In this kind of situation, the political strategy calls for side payments to compensate incumbents for their loss.

And Lincoln did try this. Early in the Civil War, Lincoln tried to end slavery in the border states by paying compensation to slaveowners. Predictably, nobody went along with it, just like tavern license owners in PA have rejected all attempts to make a deal that would compensate them for opening up six-pack sales to beer distributors and supermarkets.

The lesson for PA politicians to learn from Lincoln is that Lincoln didn’t stop trying to end slavery just because slaveowners rejected his offer to compensate them.

Instead of giving up, Lincoln built a political coalition to rout them anyway. The 13th amendment got passed and the slaveowners got nothing.

That’s the way it ought to go down with these big market reforms. Too often politicians let stakeholder opposition scare them into inaction, and get trapped thinking that compromise with stakeholders is the only viable solution. But compromise is only a useful tactic to achieve your desired ends, it shouldn’t be a goal in itself.

If compromise and side-payments get liquor license reform passed, that’s great, but if people don’t want to take the side-payments then you need to wipe them out, not give up.

Comments

  1. GDub says:

    Jon,

    I don’t want to be insulting, but this is about as poorly done of an analogy as an educated person can make.

    1. I don’t like PA liquor laws, but I don’t think that owning a human being is the same as buying a liquor license.

    2. Don’t get cute with happy wonk talk. Sure, Lincoln did an “end around” that “outflanked opposition” and gave the slaveholders “nothing.”

    However–it actually ended in the physical death of 2% of the population of the United States, and the wounding of many many more. As helpful as that “political coalition” was, I don’t think the Victory Brewing company has warfare in mind to sell six packs. At least I hope not.

    We sometimes have to pay for the plans of our ancestors. They came up with the license idea, we’ll have to buy them back. Its probably worth it.

    • Jon Geeting says:

      Obviously there’s no moral equivalence between the two problems, but the political strategy required to deal with them is the same. Side payments to incumbents are required, but the incumbents don’t want to take the side payments for various reasons.

      In the case of the liquor license owners, they like that the requirement that would-be bar owners purchase an extremely expensive asset is a huge barrier to entry.

      My first order preference would be to strike a deal and buy them out, but if that fails then there’s nothing wrong with uncapping licenses anyway.

  2. Lew Bryson says:

    I’ve made this same argument about the beer distributors (D distributors, case stores) who are trying to end supermarket sales in Pennsylvania by suing the PLCB. Think about what happens if they win: you become the people who took convenient beer sales away from a lot of Pennsylvanians who really liked that…they’ll make you pay for it.

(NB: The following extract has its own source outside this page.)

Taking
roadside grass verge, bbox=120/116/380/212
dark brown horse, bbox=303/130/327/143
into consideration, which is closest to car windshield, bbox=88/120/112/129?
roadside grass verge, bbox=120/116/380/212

Then think about what happens if you lose: you’ve spent a lot of money, and you got NOTHING. The thing to do is negotiate. But your corollary is right: if they WON’T negotiate, plow them under. Why is the system set up to benefit the few over the many?
    I don’t see war coming out of this, GDub, anymore than you do. But I don’t see Pennsylvanians putting up with the broken system forever, either.